Manziel even managed to make some good throws from within the pocket in the first half, something he has worked on since his disappointing rookie year. His final stats weren’t helped by drops and misses by his receivers on some perfectly thrown passes. Manziel still had some risky throws, but that comes with having a young gunslinger quarterback fighting for the starting job.
However Manziel struggled in the second half after the Bengals figured out how to keep him contained in the pocket. The Browns picked up just one first down after halftime, and Manziel could manage just 40 passing yards in the second half. He was also sacked three times after managing to avoid several potential sacks in the first half. The Browns would lose 31-10.

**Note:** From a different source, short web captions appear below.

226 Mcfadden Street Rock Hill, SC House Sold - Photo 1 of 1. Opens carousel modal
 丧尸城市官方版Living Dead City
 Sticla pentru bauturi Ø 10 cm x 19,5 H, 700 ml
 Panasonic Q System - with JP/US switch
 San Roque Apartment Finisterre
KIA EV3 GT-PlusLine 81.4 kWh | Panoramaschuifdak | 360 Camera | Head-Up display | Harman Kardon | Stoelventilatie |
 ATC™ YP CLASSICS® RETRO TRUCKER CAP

Manziel completed 15 of his 33 passes for 168 yards, one touchdown and no interceptions or turnovers. He also seems more mature on the field and didn’t panic in the face of pressure. But Manziel’s career to date has remained a cautionary tale, especially with the recent struggles of similarly skilled and quickly anointed mobile quarterbacks like RG3 and Colin Kaepernick.
The Browns themselves are still divided when it comes to Manziel. Head coach Mike Pettine has made it clear that he is committed to Josh McCown. Pettine’s position is completely understandable; McCown gives the Browns the best chance to win games in a lost season, which could protect Pettine’s job. After all, Manziel was not one of Pettine’s picks. But the front office and ownership are committed to Manziel, believing him to be capable of being the future in Cleveland. Even that position is precarious, as it is clear to me that general manager Ray Farmer is in danger of losing his job after the season. Farmer was sweating profusely in a recent press conference and has been the veiled target of subtle jabs by Pettine.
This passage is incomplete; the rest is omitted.